Before you can effectively start using rclone to copy files or synchronize
directories, you need to define one or more remotes which
define your storage backends. This is further explained below.
These remotes contain information about
what Cloud storage provider is being used as well as your authentication
and authorization information. This data is stored in your rclone configuration
file, normally ~/.config/rclone/rclone.conf
.
|
The
~/.config/rclone/rclone.conf file
will contain access credentials to your cloud storage. BE SURE
TO PROTECT THIS FILE. Rclone will protect it by default,
but be sure not to unprotect it. Anyone with read access
to this file can access your cloud storage as you. You might want to
also consider encrypting this config file with a master password.
|
When you define a remote, you give it a name of your own choosing,
which you use with a colon suffix to refer to files
and directories on the associated Cloud storage provider. You can then issue
various rclone subcommands to move data back and forth. E.g., if you defined
a remote 'gdrive' to access your personal Google Drive, you could use a command
like rclone copy ./MyFile.txt gdrive:CopyOfMyFile.txt
to copy
the local file 'MyFile.txt' to your Google drive as 'CopyOfMyFile.txt'.
This is elaborated in the usage section below.
This section lists the available versions of the package Rcloneon the different clusters.
Version | Module tags | CPU(s) optimized for | GPU ready? |
---|---|---|---|
1.59.1 | rclone/1.59.1 | zen2 | Y |
1.57.0 | rclone/1.57.0 | zen2 | Y |
Rclone has an interactive config
subcommand which allows
you to define, delete, copy, and edit "remotes". It also allows you to
password encrypt your rclone configuration file (which contains authorization
tokens to your storage backends) and which is something you might wish to consider
if any data on your Cloud providers should have additional security. This will
prevents anyone from using the information in the rclone config file from accessing
your data on the Cloud storage providers unless they know the password --- unfortunately
that also means that you need to enter the password with every rclone invocation.

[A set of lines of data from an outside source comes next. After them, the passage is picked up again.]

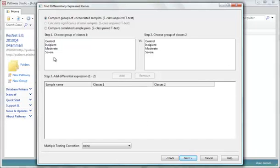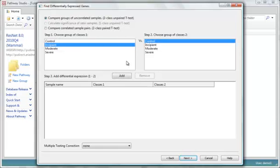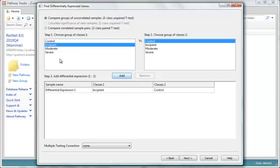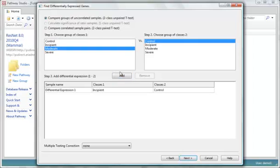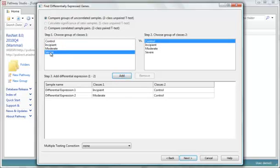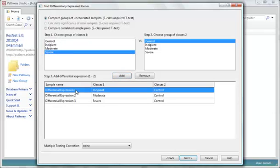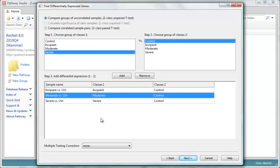Now I'm ready to prepare my comparison sets. I want to compare the incipient versus control, and I'll add that first. And I want to compare the moderate versus control, I'll do that next. And the severe versus control. You can set up pretty much as many comparisons as you want. So now I'm going to give them names so I can find them in the program. You can apply multiple testing correction here.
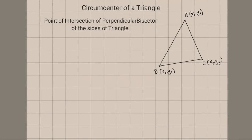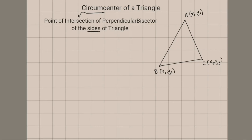Hello guys, today we will see one more topic which is included in the JEE Main and Advanced syllabus, which is nothing but the circumcenter of a triangle. So before that we need to know what is circumcenter. The circumcenter is nothing but the point of intersection of perpendicular bisectors of the sides of a triangle.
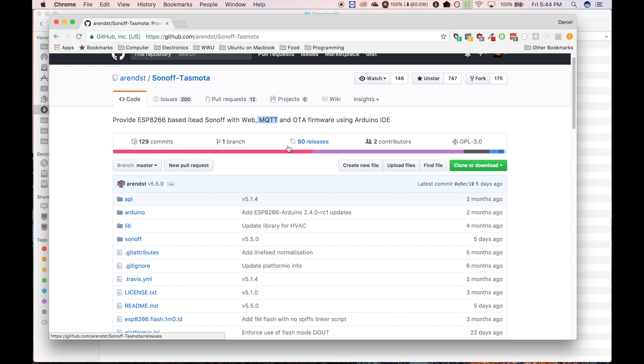And it also supports, most importantly to me, MQTT, which is, without getting too far into it, a protocol that can be used for low-power devices to send messages to each other. And it doesn't use a lot of bandwidth, but it's very effective for this kind of thing.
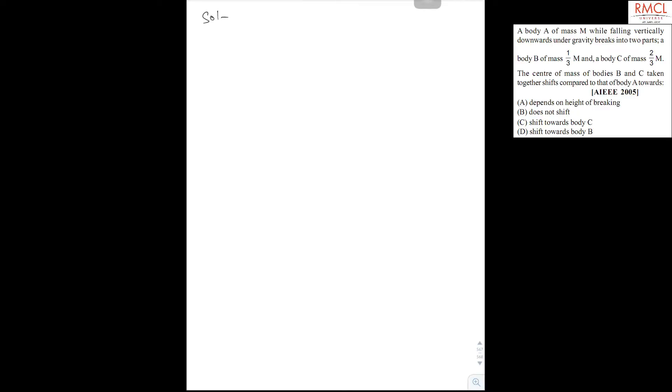So here's a solution. Since the acceleration of center of mass in both cases is the same, equal to g, the center of mass of the bodies B and C taken together, there is no shift compared to that of the body A.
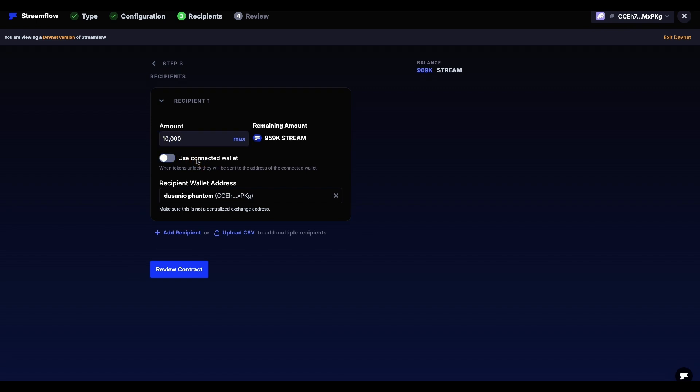Use Connected Wallet allows us to easily set the connected wallet as a recipient. We can also disable this option and manually add the address. After we have specified the wanted amount and wallet address, we can click on Review Contract button.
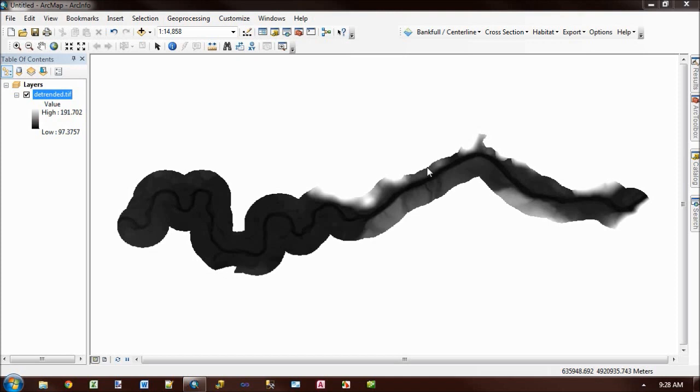This video introduces the River Bathymetry Toolkit Bankful Tool. The goal of this tool is to explore different areas of the channel that are wet at different stages of the river.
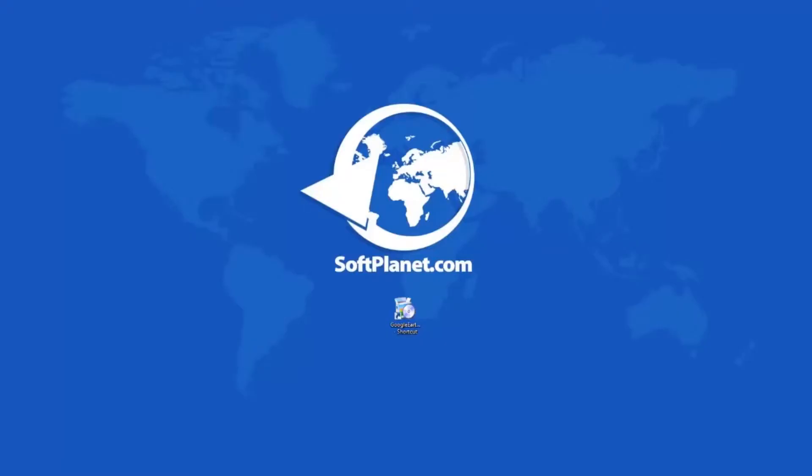Greetings to you, this is David from SoftPlanet and I want to show you Google Earth 7.1.2.2041.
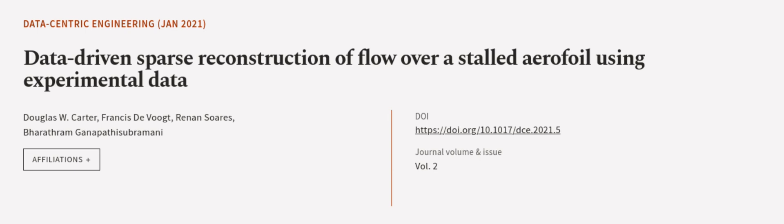This article was authored by Douglas W. Carter, Francis Devout, Rino Suares, and others. We are article.tv, links in the description below.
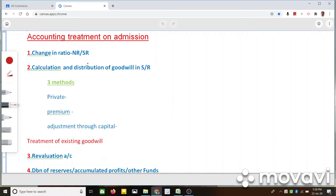Dear students, in this short video, I will try to explain the important accounting treatment on admission when a partner is admitted into a partnership business.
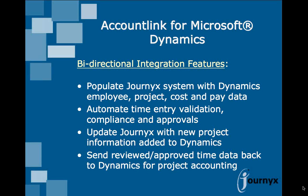In order to make the most of automating your project time accounting, Journyx offers a bi-directional integration with Microsoft Dynamics GP. AccountLink for Microsoft Dynamics provides you with all the tools you need to get up and running on Journyx timesheet using your Dynamics data, and it allows you to pass your critical project and time data back to Dynamics for complete project cost accounting.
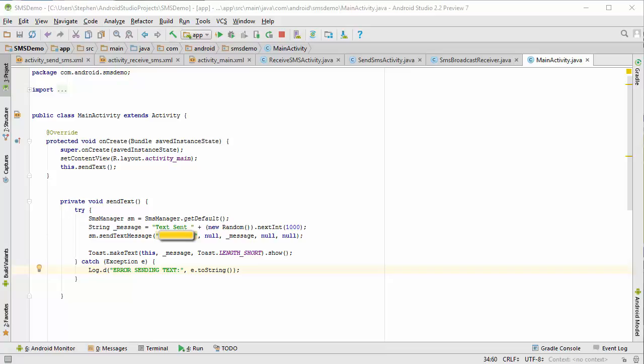I've had to surround the sending of the message with a try-catch block, which is required here. Just in case the app is unable to send for some reason, we're going to be able to get an error message.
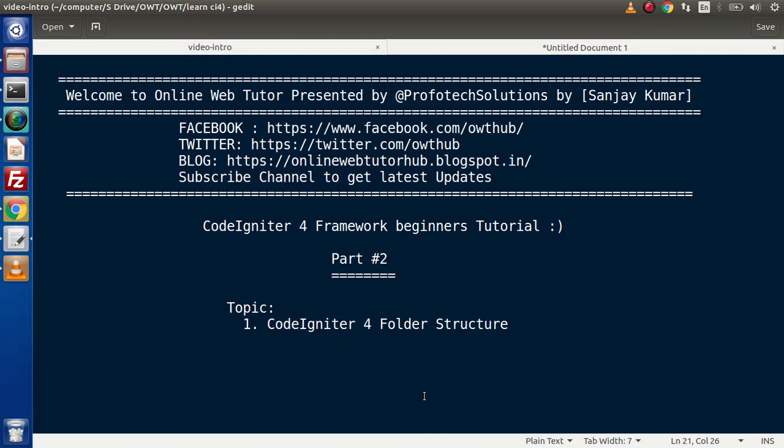Hello guys. Welcome to Online Web Tutor. I am Sanjay. We are learning CodeIgniter 4 Framework tutorial.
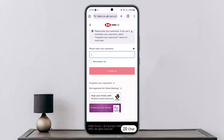It will ask you to enter your verification details — the email address or phone number connected to your account. Once you go through the verification process, you'll be able to change your password. Hope this helped you. Do like and subscribe, and leave a comment below if you have any further issues.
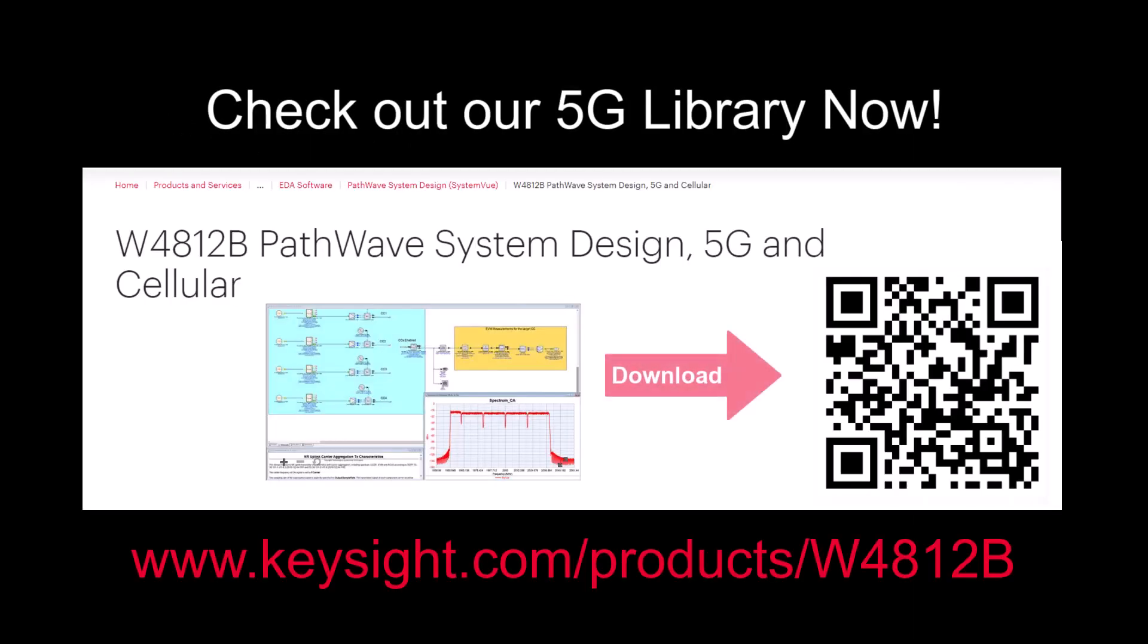For more information on our 5G library, visit our webpage and download the trial today. Thank you for watching.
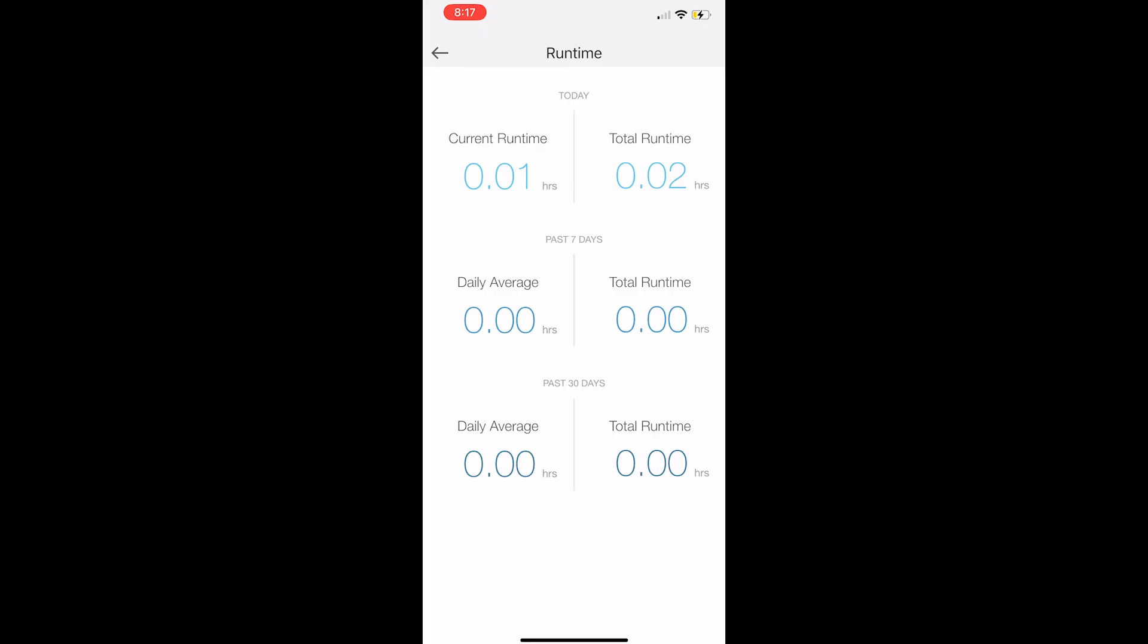Not a lot of time, but what's nice is it will show you the daily average for the past seven days and the total runtime for those seven days and the past 30 days. So if you want to cut back on the time that you have it on, you can adjust your schedule. So this is more for information.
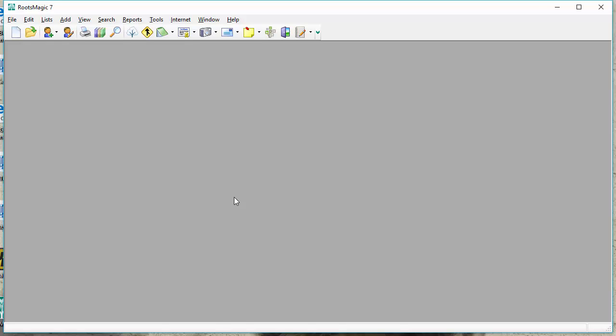Now, what this means is that you don't have to create a GEDCOM file of your Family Tree Maker data first. In fact, you don't even have to have Family Tree Maker installed on your computer at all. You just have to have that Family Tree Maker data file.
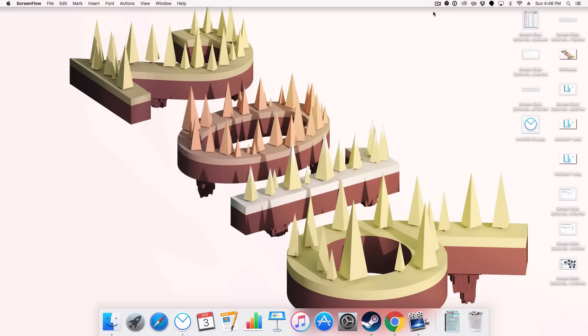Ladies and gentlemen, welcome back to another Mammographs tutorial. Today we'll be exploring how to install Blender via Steam.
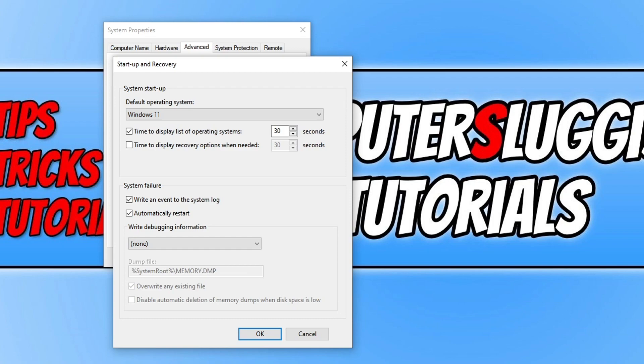However, you can actually disable the list of operating systems when you turn on your computer by unchecking this checkbox. It will then boot straight into Windows 11 and won't give you the option to select which operating system to launch.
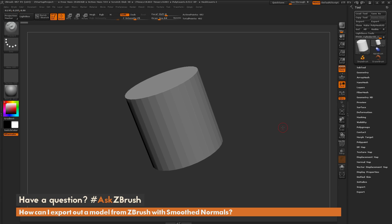This is Joseph Drust and welcome back to another episode of Ask ZBrush. We had a question sent in asking, how can I export out a model from ZBrush with smoothed normals?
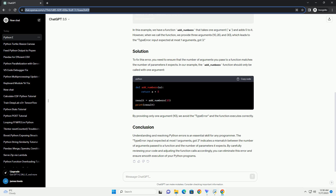Let's consider a simple code example that triggers this error. In this example, we have a function add_numbers that takes one argument, a, and adds 5 to it. However, when we call the function, we provide 3 arguments — 10, 20, and 30 — which leads to the TypeError: input() Expected at Most 1 Argument, GOT 3.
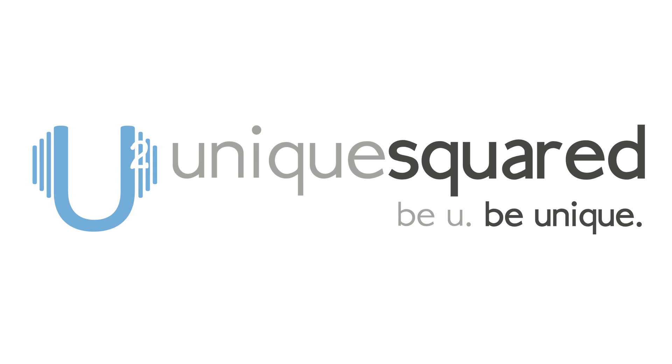Download the demo at iZotope and in the meantime, check out our Facebook page, visit us over at our YouTube page or follow us on Twitter and always remember, be you, be unique at uniquesquared.com.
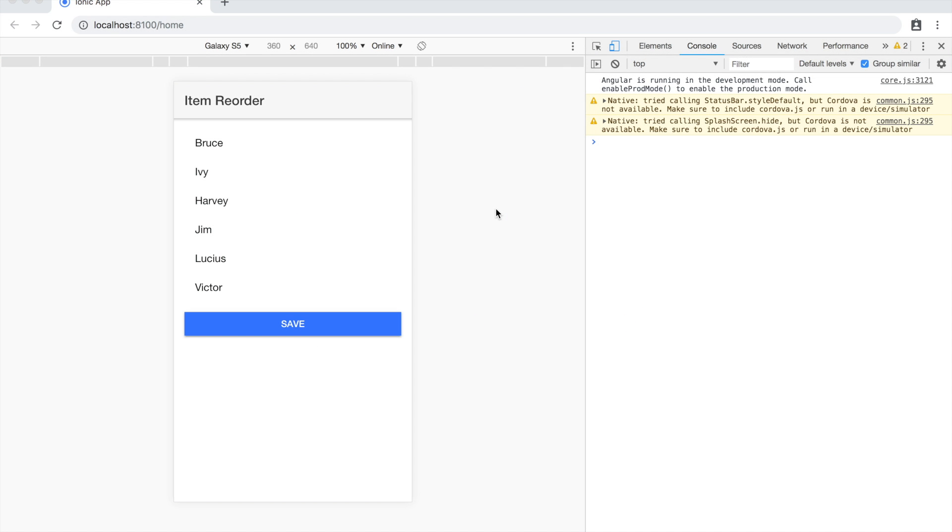In this video we're going to take a look at how to reorder a list of items in Ionic 4. Compared to Ionic 3, the way we do this is a little bit different now. It's moved to a more web component oriented approach. We're just going to walk through the differences and how to do that exactly.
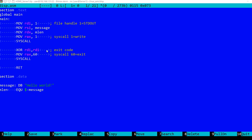So what happens is first we set the parameters. These are the same parameters for the write function call which first specifies the file handle. In Linux 1 is standard output. Then we have the message, then the message length. Finally, the syscall 1 is write and we perform the syscall.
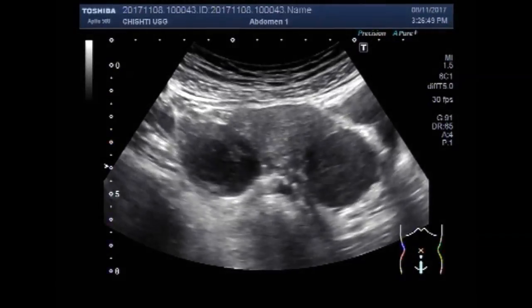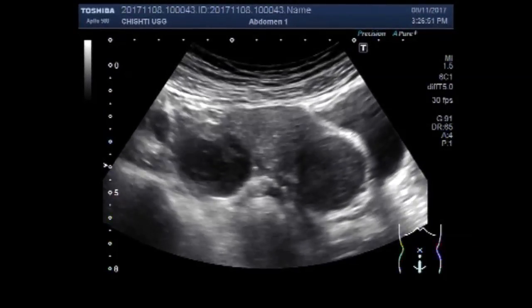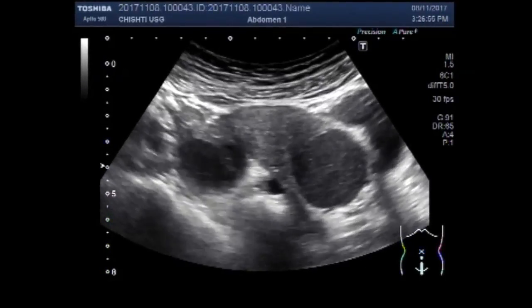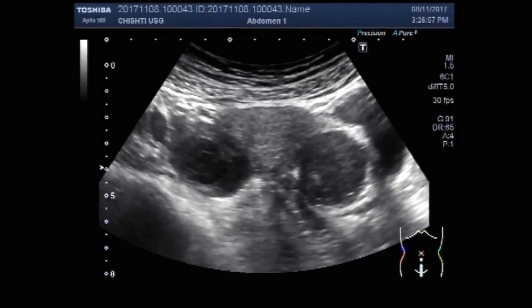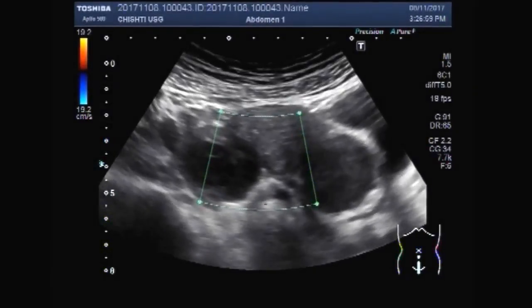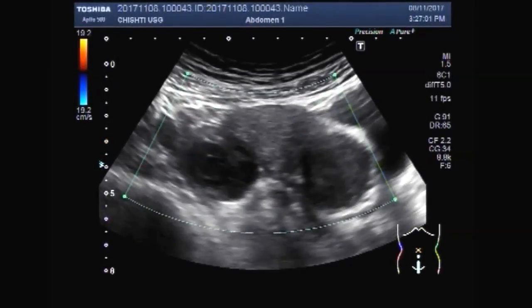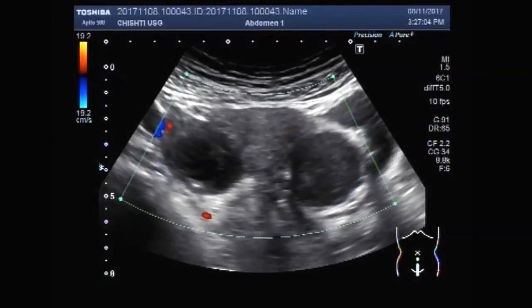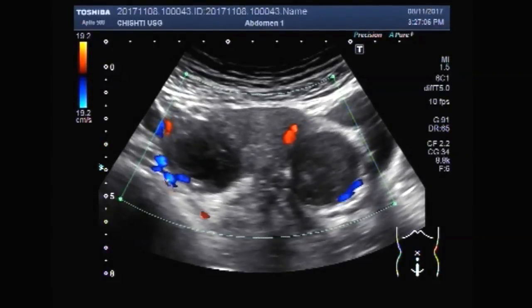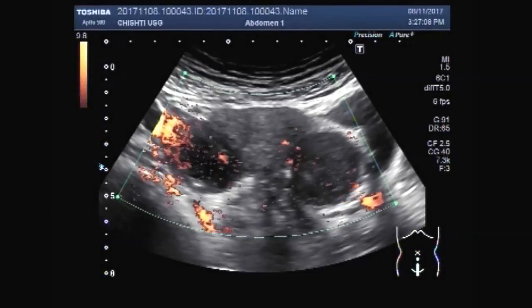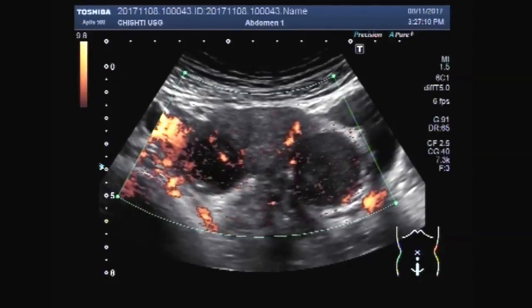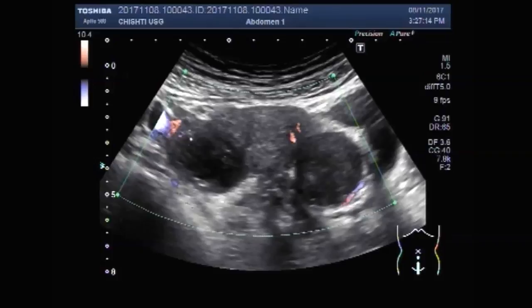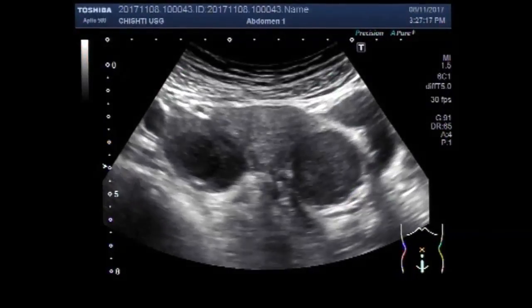Now you can see the difference between the two cysts. You can see the difference between the two cysts. Thank you for watching.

Rclone uses "remotes" to define the various Cloud storage or other storage backends
you wish to use with the rclone command, as well as authentication and authorization
information and other settings. When you define a remote, you give it a name of your
choosing, which is how you refer to files using the provider. For example, if you
defined a remote 'gdrive' to attach to your personal Google drive, then
gdrive:SomeFile.txt
would refer to a file named 'SomeFile.txt' on your
Google drive. You can define multiple 'remotes' attached to the same Cloud storage
provider backend, which can sometimes be useful (e.g. to make distinct remotes for your
personal and for team Google drives). Because you will be using the name of the
remote on the command line a lot, it is advised to keep it somewhat short and to
avoid characters which are not convenient to use in the shell (i.e. use only letters,
numbers, and maybe hyphens/underscores).
All management of your remotes is done with the interactive rclone config
command. Rclone supports many different storage backends, and many options on all of
these backends, so the configuration of backends can be somewhat complicated. The rclone
config command will step you through it, asking questions, most of which have reasonable
defaults.
Because many backends primarily authenticate via the web, you are likely to
need a web browser to complete the authentication. The HPC cluster login nodes no
longer provide web browsers, so the procedures described below usually assume that
you are at your workstation with an ssh session from your workstation to the HPC
login node in one window, and a web browser (running on your workstation) in
another window. Some storage backends (e.g. Box) might require a third window on
your workstation running a local (workstation) command prompt, and might require
a reasonably current version of rclone
be
installed on your workstation. Binaries for
installing rclone on various platforms are available from the
main Rclone site.
The rclone web documentation site details all of the backends it supports as well as how to configure remotes for these backends. We will discuss two of the Cloud providers most used at UMD below, but see the rclone documentation for more detail.
Be sure to see the the UMD Box service catalog entry for more information on this service, including restrictions on what data can be stored on Box and how to set up your account if you have not already done so.
To access Box via rclone on a login node of one of the HPC clusters, you need to configure rclone first. This needs to be done once per cluster. You will need three windows on your workstation: one running your web broswer of choice, one at the command prompt on your workstation, and one in which you have ssh-ed to the login node of the appropriate HPC cluster.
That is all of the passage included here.